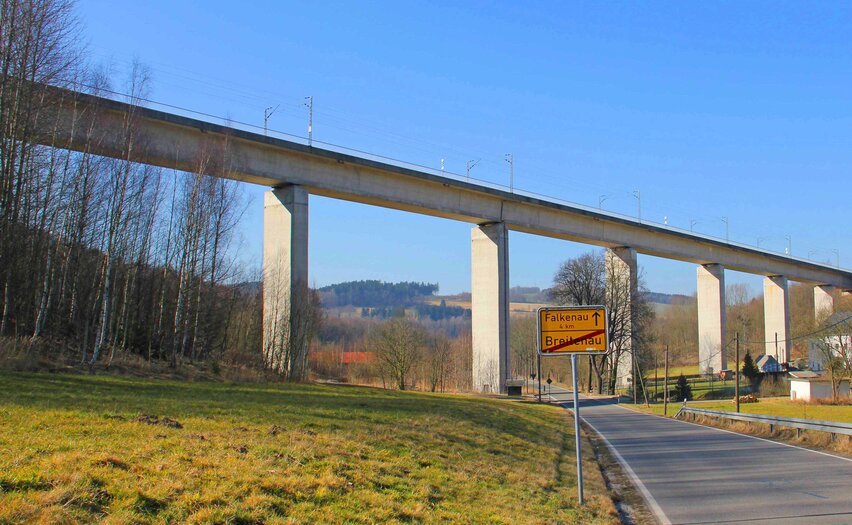 Durch eine 1987 bis 1992 erbaute geradlinige Neubautrasse mit zwei modernen Talbrücken konnte der von zunehmenden Verschleißerscheinungen betroffene Hetzdorfer Viadukt außer Dienst gestellt werden. Im Bild die Talbrücke über den Hetzbach. Durch eine 1987 bis 1992 erbaute geradlinige Neubautrasse mit zwei modernen Talbrücken konnte der von zunehmenden Verschleißerscheinungen betroffene Hetzdorfer Viadukt außer Dienst gestellt werden. Im Bild die Talbrücke über den Hetzbach.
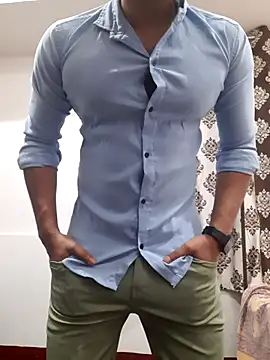 Snapshot of Guyinshortss chatting on November 1, 8:00 pm Guyinshortss online show from November 1, 8:00 pm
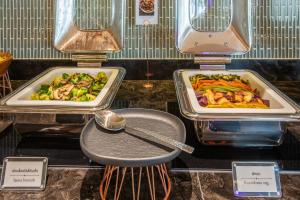 best western click sathorn 11 bangkok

************

» Problem details
Apart from its pictures, the data is to be repeated exactly.

» Answer to the problem
 Durch eine 1987 bis 1992 erbaute geradlinige Neubautrasse mit zwei modernen Talbrücken konnte der von zunehmenden Verschleißerscheinungen betroffene Hetzdorfer Viadukt außer Dienst gestellt werden. Im Bild die Talbrücke über den Hetzbach. Durch eine 1987 bis 1992 erbaute geradlinige Neubautrasse mit zwei modernen Talbrücken konnte der von zunehmenden Verschleißerscheinungen betroffene Hetzdorfer Viadukt außer Dienst gestellt werden. Im Bild die Talbrücke über den Hetzbach.
 Snapshot of Guyinshortss chatting on November 1, 8:00 pm Guyinshortss online show from November 1, 8:00 pm
 best western click sathorn 11 bangkok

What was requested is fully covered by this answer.